İyi Biri

3 dk

Santi Cazorla meşhur 'Wengerball'u oynayan ve oynatan son oyuncuydu. Son üç sezonda yaşadığı sakatlıklar, Arsenal'ın akıcı oyununu da alıp götürmüştü.

Santi Cazorla, Temmuz'da yeni takımı Villarreal'in hazırlık kampında 636 gün sonraki ilk futbol maçına çıktı. Ve ilginç bir şekilde geri dönüşüne Villarreal taraftarından çok Arsenal taraftarı ilgi gösterdi. Peki Arsenal'da sadece üç sezon randımanlı oynayabilen, Londra macerası kulübün düşüş dönemine denk gelen ve olduğu son üç sezonda yalnızca 2000 dakika civarı süre alabilen Cazorla, nasıl böyle bir etki bırakabildi?

Arsenal taraftarı yıllardır hem takımı bırakıp giden oyuncularından hem de sakatlık sebebiyle ortadan kaybolup kontratlarının son sezonunda futbol oynuyor numarası yapan isimlerden yaka silkti. Cesc Fabregas, Tomas Rosicky, Alex Song, Alex Hleb gibi oyuncular seyircilerin ağzına birkaç parmak bal çalsa da ayrılıkları hep nefretle oldu. Aslında çoğunun gidişi Santi'den farklı değildi. Ancak İspanyol oyuncunun performansı ve kişiliği onu herkesten farklı bir noktaya koydu.

Cazorla, Malaga'dan Arsenal'a geldiğinde bir 10 numaraydı. 'Wengerball'a oyun görüşü, temposu, ve çok yönlülüğüyle uygundu. Saha içi liderliğini Arsene Wenger'in istediği doğrultuda yapabiliyor, takımı yönetip onların üstündeki baskıyı azaltıyor; şut tehdidi, bolca asist ve duran top vadediyordu. İlk sezonunda ligde 12 gol atıp 12 asist yaptı, müthiş karakteri ve sevimliliğiyle taraftarın gönlünü çaldı. Oyun kurucusunu Cazorla'yla bulan bir takım olarak Arsenal o yaz Mesut Özil'i aldı, Santi solkanada geçti. Sonra Santi sol kanadı Lukas Podolski'ye kaybedip sağ açığa geçti. Pek bir önemi yoktu, rolü değişmiyordu. Takımı oynatan, Wenger'in felsefesini sahaya yansıtan oydu. Lakin 2014-15 sezonuyla birlikte derindeki oyun kurucu rolüyle merkeze geçen Santi, esas saygı uyandıracak dönemini başlattı.

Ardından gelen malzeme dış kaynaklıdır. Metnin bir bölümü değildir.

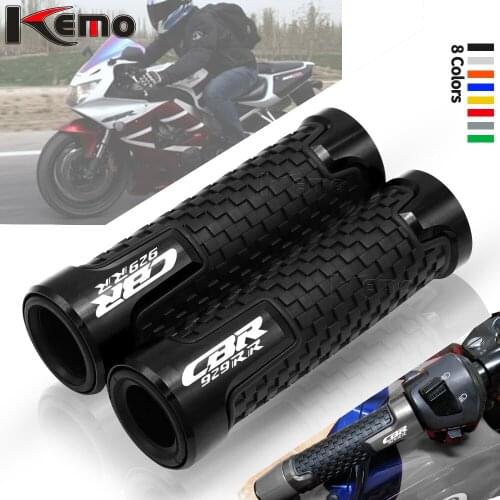 For HONDA CBR929RR CBR929 RR 7/8" 22mm Universal Motorcycle Accessories CNC Aluminum Handlebar Hand Grips Handle Bar End Grip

Kontrol kabiliyeti, daha pası alırken etrafına hâkim oluşu, kısa ve efektif driplingleri onu Wenger'in son kupalarının mimarı yaptı. Saha içindeki pozisyonu ne olursa olsun aynı performansı gösterebilmesi ne kadar doğal bir yetenek olduğuna işaretti. Bir de Mesut gibi bir oyun kurucunun yanında hücumun işlemesini sağlayan isim olması ne kadar özel bir lider olduğunu gösteriyordu. Santi'nin olmadığı, Wenger'in sonunu getiren o son iki sezona baktığımızda, Alexis Sanchez ve Mesut'un ne kadar değiştiğini görebiliyorsunuz. Santi her ikisine de "zihin açıklığı" veriyordu. İkinci bölgeden pürüzsüz çıkardığı toplarla onları etkili oldukları bölgelerde topla buluşturuyor, yalnızca iyi yaptıkları şeyleri yapmalarına yardımcı oluyordu. Sakatlığı, ilk 11'den görünmez kahramanı çektiği gibi yerinin onun rolünü oynayamayacak oyuncularla doldurulmaya çalışılması da sonun başlangıcı oldu.

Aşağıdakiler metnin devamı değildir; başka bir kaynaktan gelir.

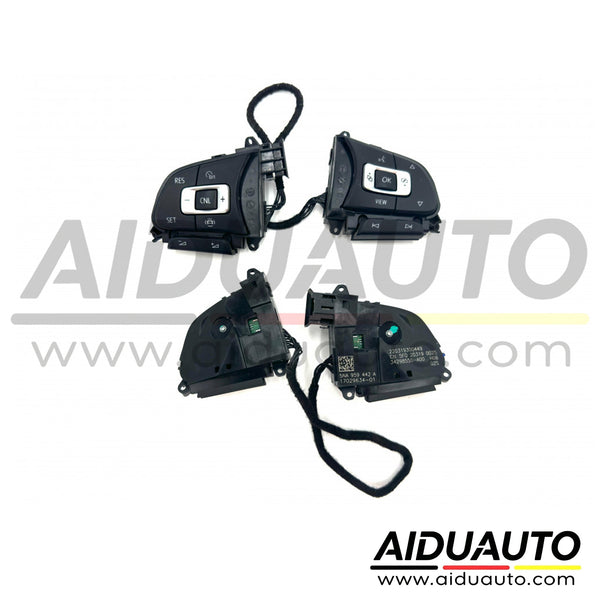 OEM 5NA959442A VW Tiguan MK2 multifunction steering wheel buttons 5NA 959 442 A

2000'lerde başlayan Arsenal taraftarlığımda 2006 sonrası acı dolu. Giden oyuncular, korkunç mağlubiyetler, başlamadan biten sezonlar... Dolayısıyla 2014 FA Cup Finali'nin Avusturya tatilime denk geldiğinden habersizdim. Aynı gün La Liga sezonunun son maçında Barcelona, Atletico Madrid'i ağırlıyordu ve FA Cup'ı seyredecek yer bulmak imkânsızdı. Arayışlarım maçın ilk dakikalarını kaçırmama sebep oldu. Fakat 10. dakika civarı bir pub'a yerleştim. Hull City, 2006'dan sonraki ilk finalimizde 2-0 öndeydi. Sonra Santi çıktı, her şeyi geri getirdi. Büyük ihtimalle o final, kariyerinin son büyük ânıydı. Santi'nin yeteneği daha büyük bir kariyeri hak ediyordu, olmadı.